La política es como la corriente de un río, no importa cuán seguro parezca el cauce, a veces suele cambiar de curso de modo impensado. El matrimonio de Margarita y el delfín Carlos había sido cuidadosamente proyectado, llevado a cabo con toda solemnidad ante testigos y se esperaba con paciencia que los cónyuges tuvieran edad apropiada para consumar el matrimonio.

Sucedió que en 1488, en la Bretaña, falleció el duque Francisco II. Tenía este dos hijas: Ana e Isabel. Ana, la heredera, por ser mayor que su hermana, tenía apenas once años a la muerte de su padre. Ana no solamente heredaba el título de duquesa sino también la soberanía sobre el territorio. Era este un enclave que históricamente había causado graves conflictos a Francia y ahora se temía que, a través de un matrimonio con Ana de Bretaña, pudiese caer el ducado en manos de algún enemigo de Francia y así volver a las guerras de antaño, tales como las de sucesión Bretona que se habían librado entre 1345 y 1365, nada menos que veinte años de revueltas con todo el coste de vidas y dinero que ello supuso.

Tanto la regente como el mismo Carlos meditaron la conveniencia de poner en el trono ducal a una persona idónea para que velara por sus intereses y quién mejor que el mismo Carlos para casarse con la heredera, Ana de Bretaña, y solucionar de una vez por todas el conflicto con esta levantisca región. El problema era que el delfín ya estaba casado con Margarita de Habsburgo, o al menos comprometido, a los ojos de la Iglesia por medio de aquella ceremonia en la capilla del castillo de Amboise en que ambos se otorgaron mutuamente en matrimonio y de la que todos se acordaban y muchos habían corroborado con su presencia.

Ana de Bretaña, por su parte, o sus consejeros ya que ella era demasiado joven, continuó con la antigua política de amistad y acercamiento que habían mantenido sus padres con las potencias de Inglaterra, España y Austria. Todo ello lo veía Francia como un posible peligro para el futuro, ya que el ducado de Bretaña estaba situado en un lugar estratégico de Francia.

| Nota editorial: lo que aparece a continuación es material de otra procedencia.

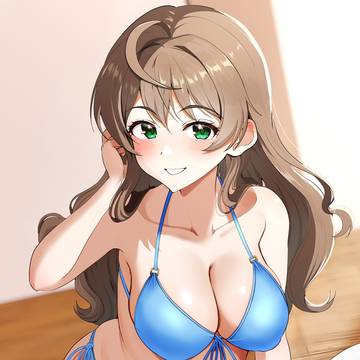 水着お嫁歌織さん👙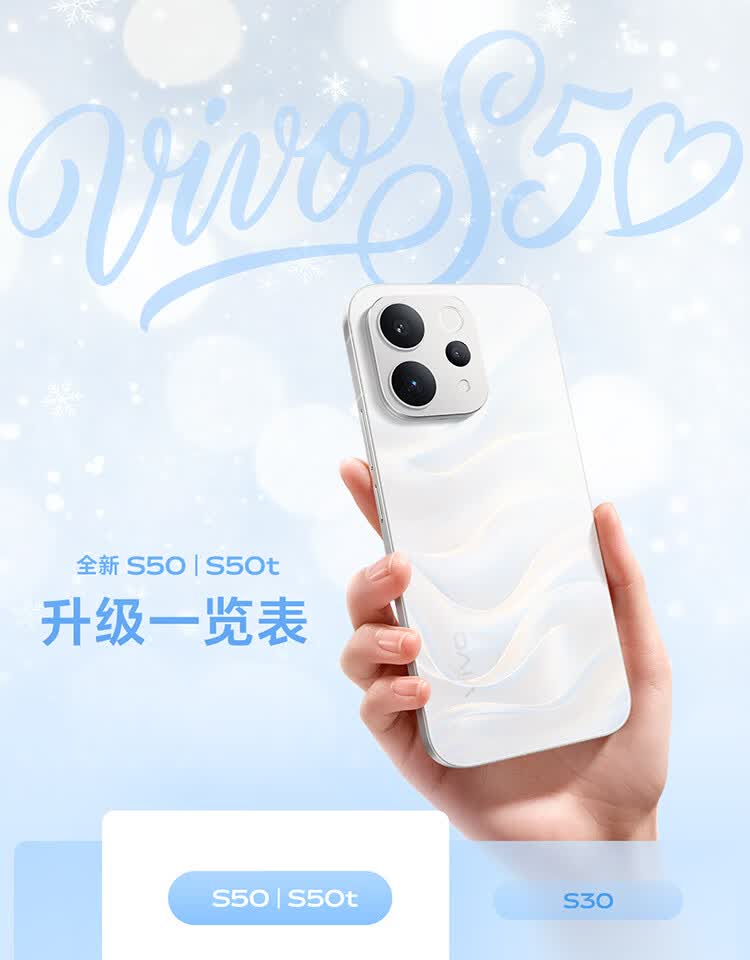 vivo S50t(12GB/512GB)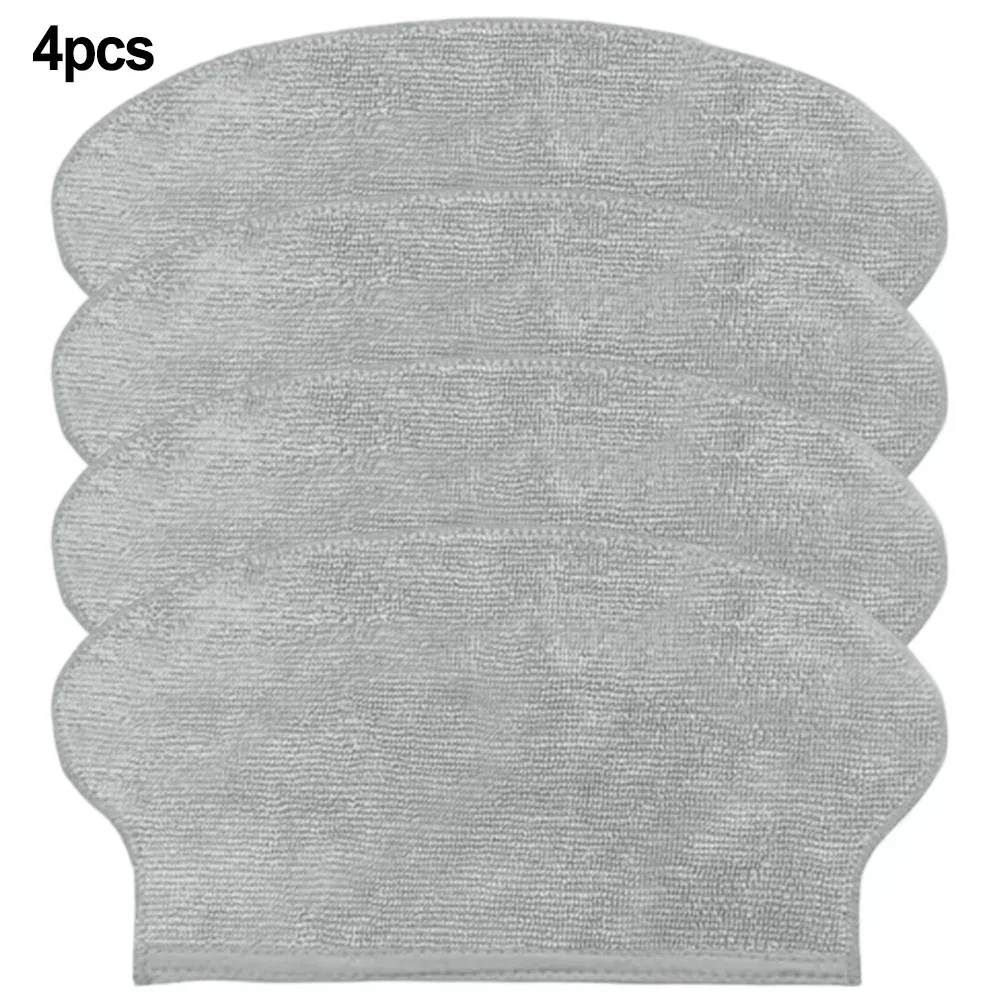 4/10pcs Mop ผ้า Pad ผ้าเช็ดทําความสะอาดชุดสําหรับ NER600 เครื่องดูดฝุ่นหุ่นยนต์อะไหล่ทดแทนอุปกรณ์เสริม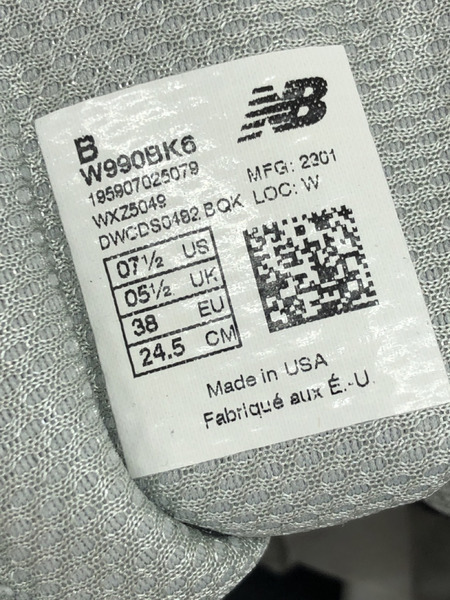 NEW BALANCE W990BK6(24.5cm)[値下]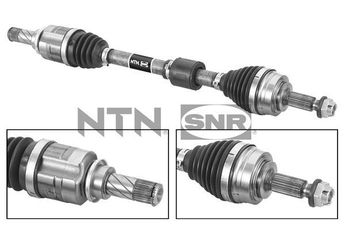 Aks Komple Ön Sol SNR DK55.237  391016661R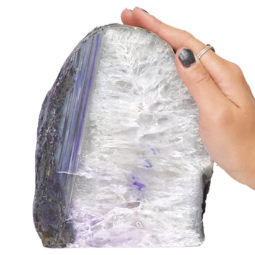 2.34kg Agate Crystal Lamp N589 8 Agate Crystal Lamp N589 | Himalayan Salt Factory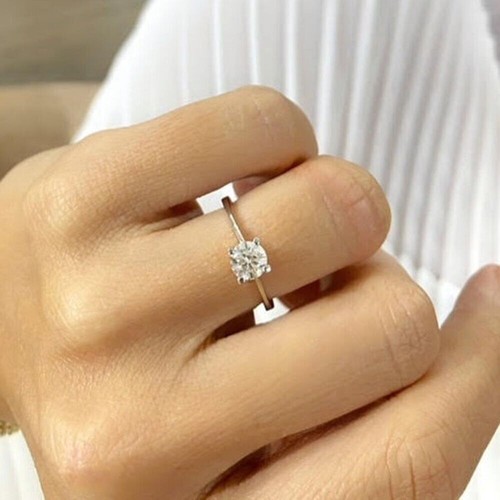Anello fidanzamento con - di,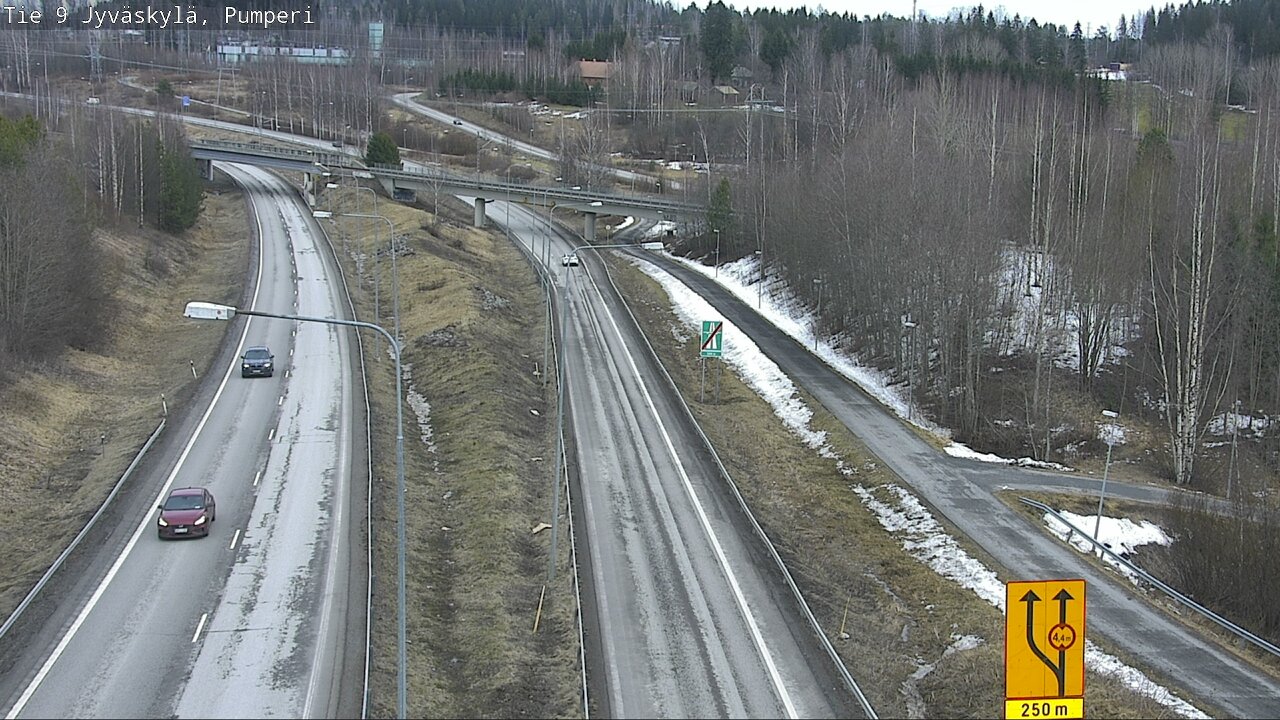 Kelikamerat Kuva Tie 9 Jyväskylä, Pumperi, Jyväskylä, Keski-Suomi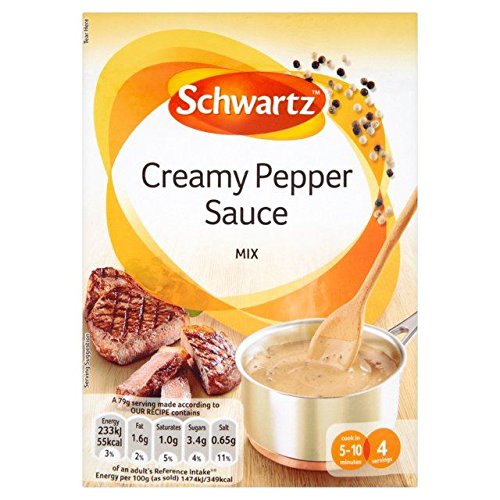 Schwartz Creamy Pepper Sauce - 25g
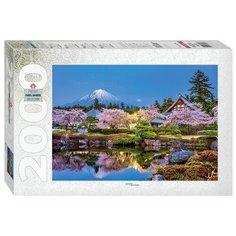 Пазл Step puzzle Park&Garden collection Япония весной Сидзуока (84038), 2000 дет.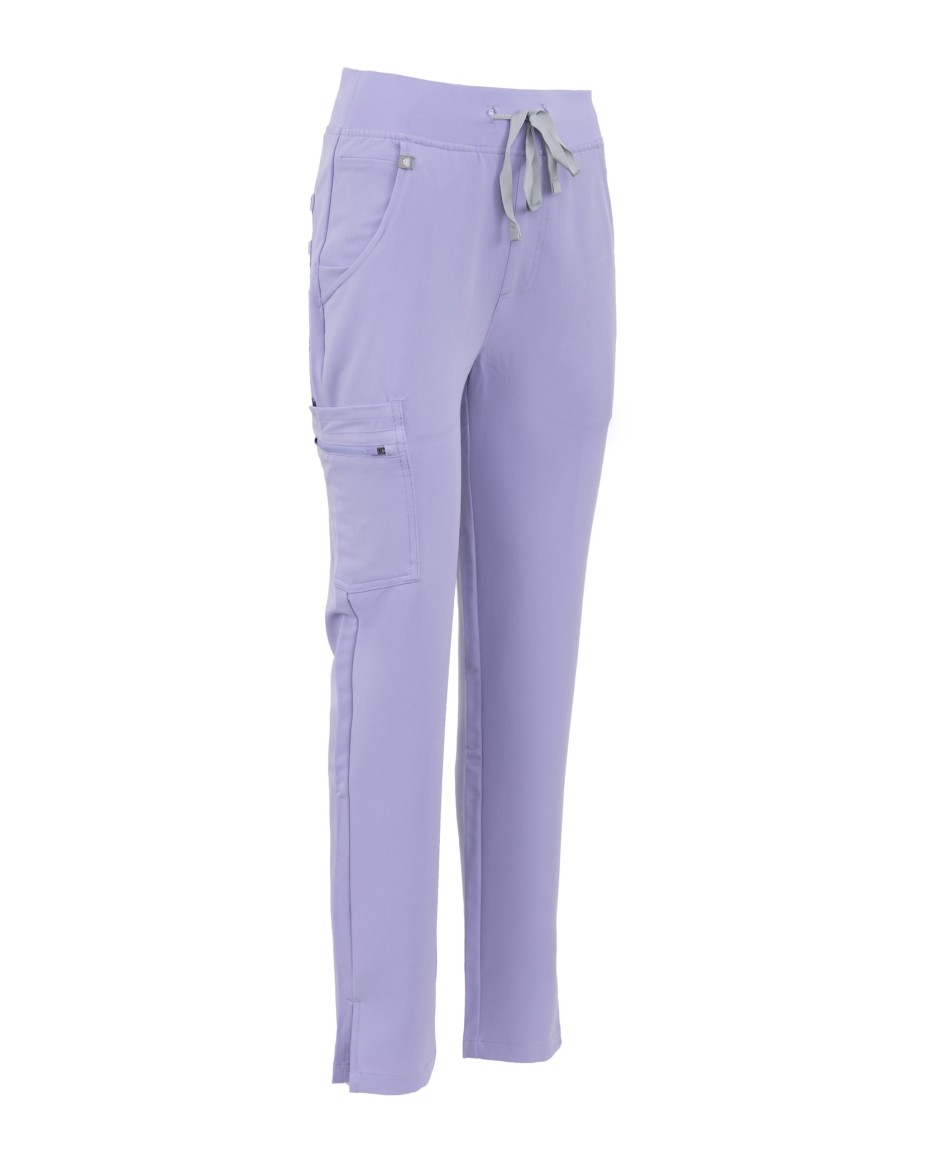 Straight Leg Pants Women WMP002 Lavender - MYNTS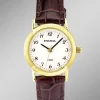 New PARA Quartz-Damenuhr mit Lederband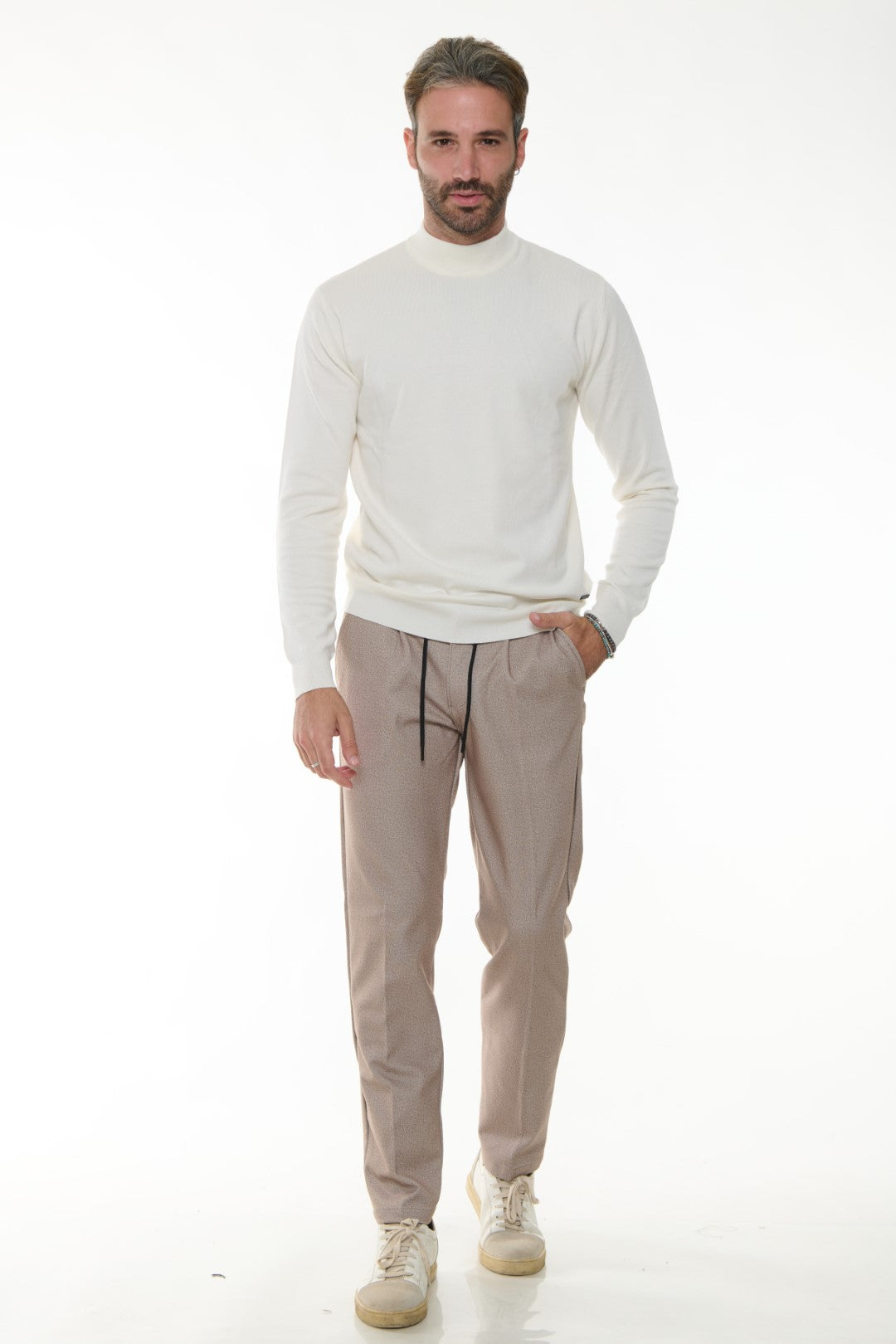 Pantalone Tasca America stampato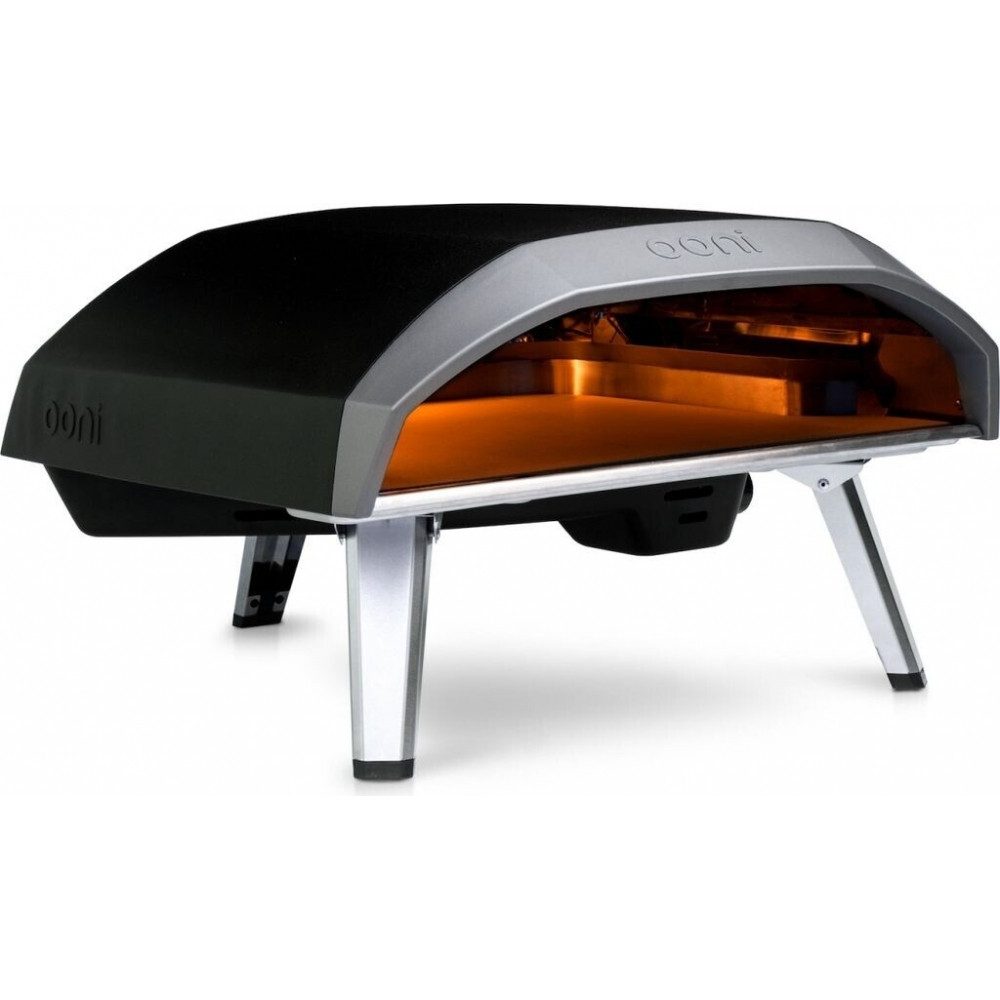 Pizzaofen Koda 16 - Pizzaofen - schwarz/silber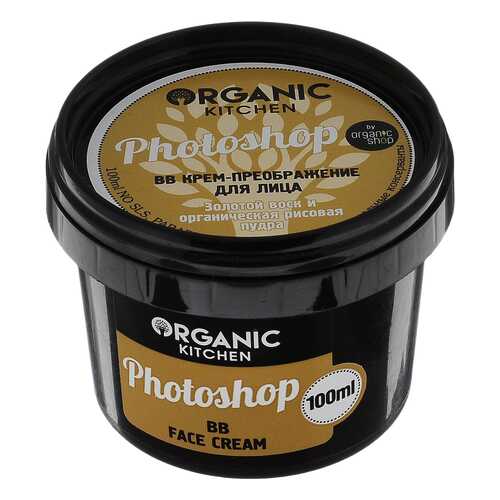 ВВ крем Organic Shop Крем-преображение для лица Photoshop в Эль Дибот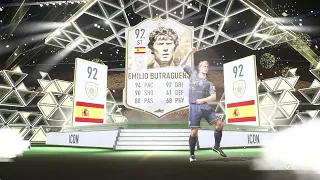 I PACKED BUTRAGUENO IN PRIME ICON PACK FIFA 22 ULTIMATE TEAM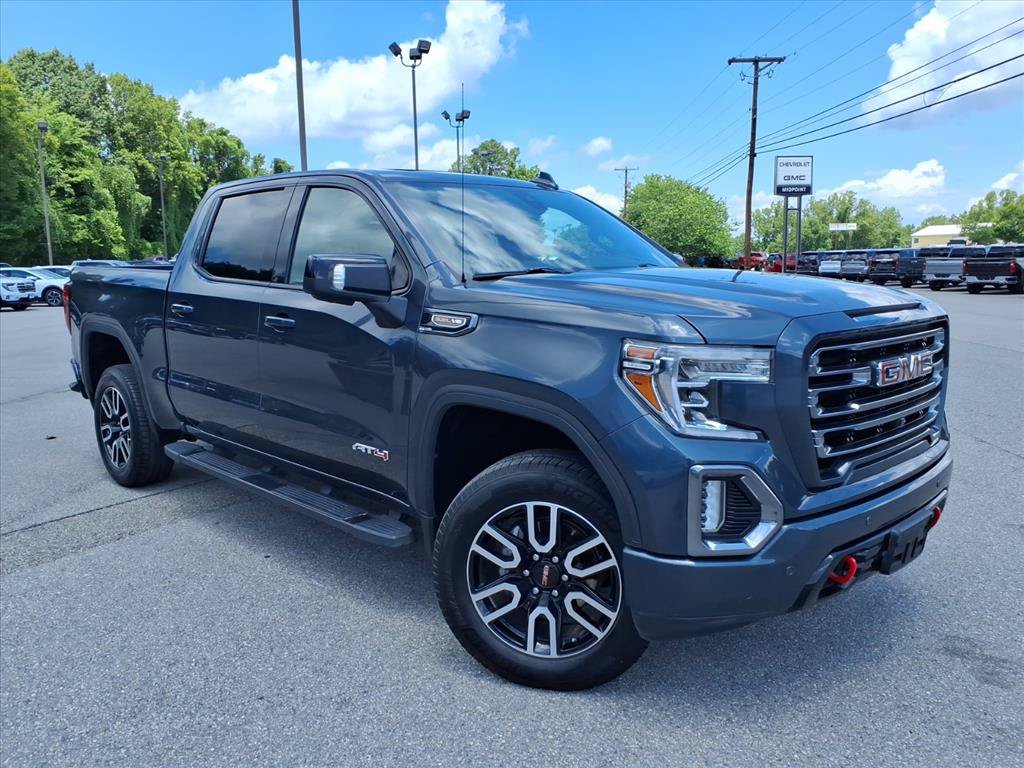 Certified 2019 GMC Sierra 1500 AT4 w/ AT4 Premium Package AWD/4WD image 2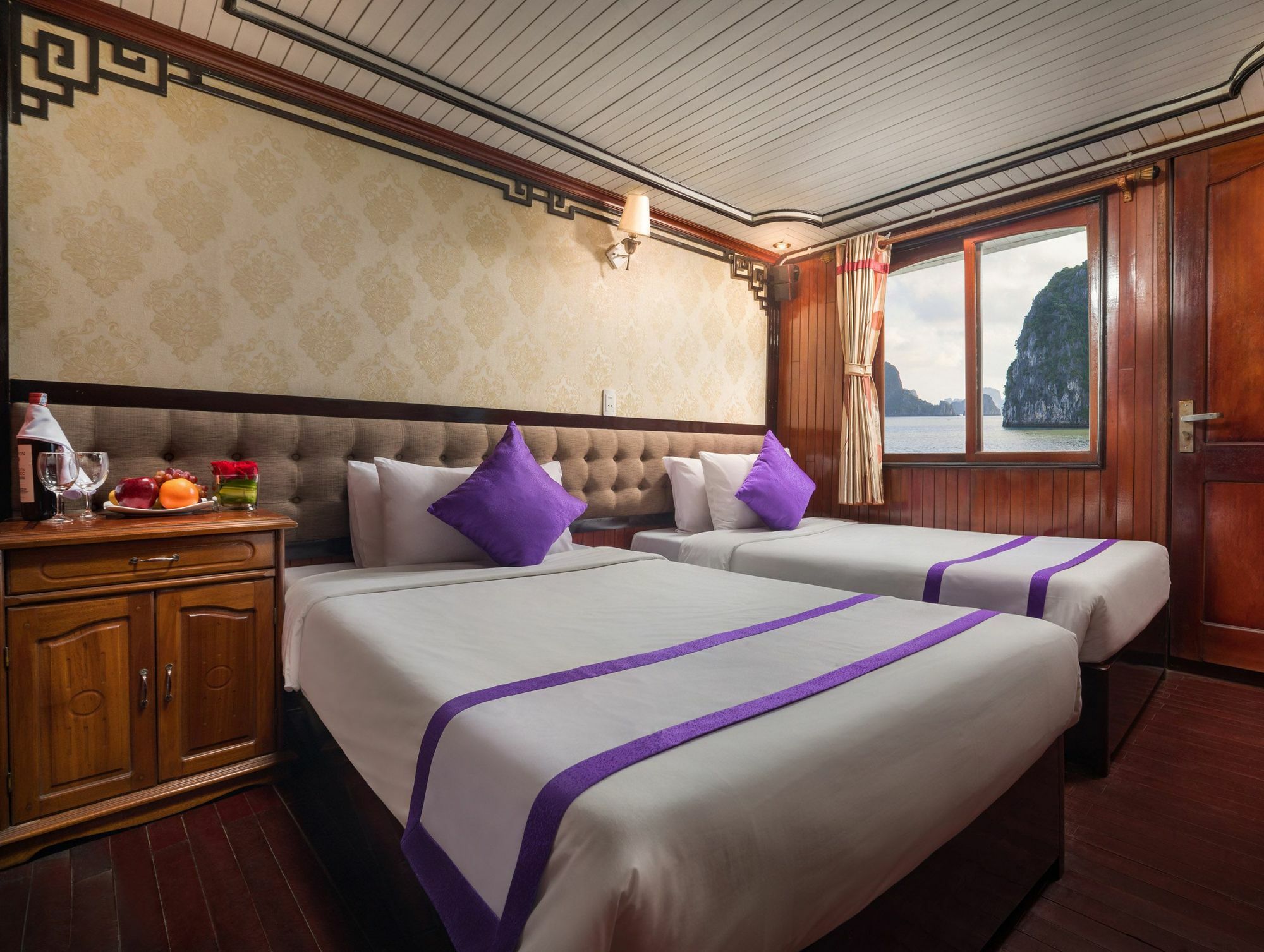 Halong Lavender Cruises Hotel Ha Long Exterior foto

La idea de un matrimonio con la heredera al trono de Bretaña parecía no solo una buena idea sino casi una necesidad. Por lo pronto, los franceses invadieron el territorio de Bretaña y ante esta situación Ana de Bretaña decidió casarse con Maximiliano de Habsburgo —padre de Margarita— para que él, como varón y guerrero, la defendiese. Él tenía 32 años y ella 14. La ceremonia se celebró sin que los contrayentes estuvieran presentes, haciéndose representar por terceras personas, abogados y procuradores. En este matrimonio Carlos vio el peligro de perpetuar las diferencias entre la Borgoña y Francia: Maximiliano era poderoso y acababa de ser reconocido como rey de romanos, antesala de emperador, así que, con un potente ejército invadió el ducado.

Naturalmente la esposa —¿lo era en verdad a los ojos de la Iglesia?—, Margarita, se enteró de todo lo que sucedía y de los planes del Carlos y se enfrentó a él en noviembre de 1491 mientras él estaba nombrando a Luis de la Trémoille como capitán general en la guerra de Bretaña. Entre lágrimas, la joven le preguntó si era verdad que pensaba tomar a otra mujer, Ana de Bretaña, por esposa. De momento Carlos lo negó asegurándole que su padre le había dado a ella por cónyuge y consorte y que no querría a otra. Pero la verdad era que la decisión estaba tomada y la política aconsejaba otra cosa a pesar de que ambos habían renovado sus votos matrimoniales cuando él cumplió dieciséis años y ella ocho.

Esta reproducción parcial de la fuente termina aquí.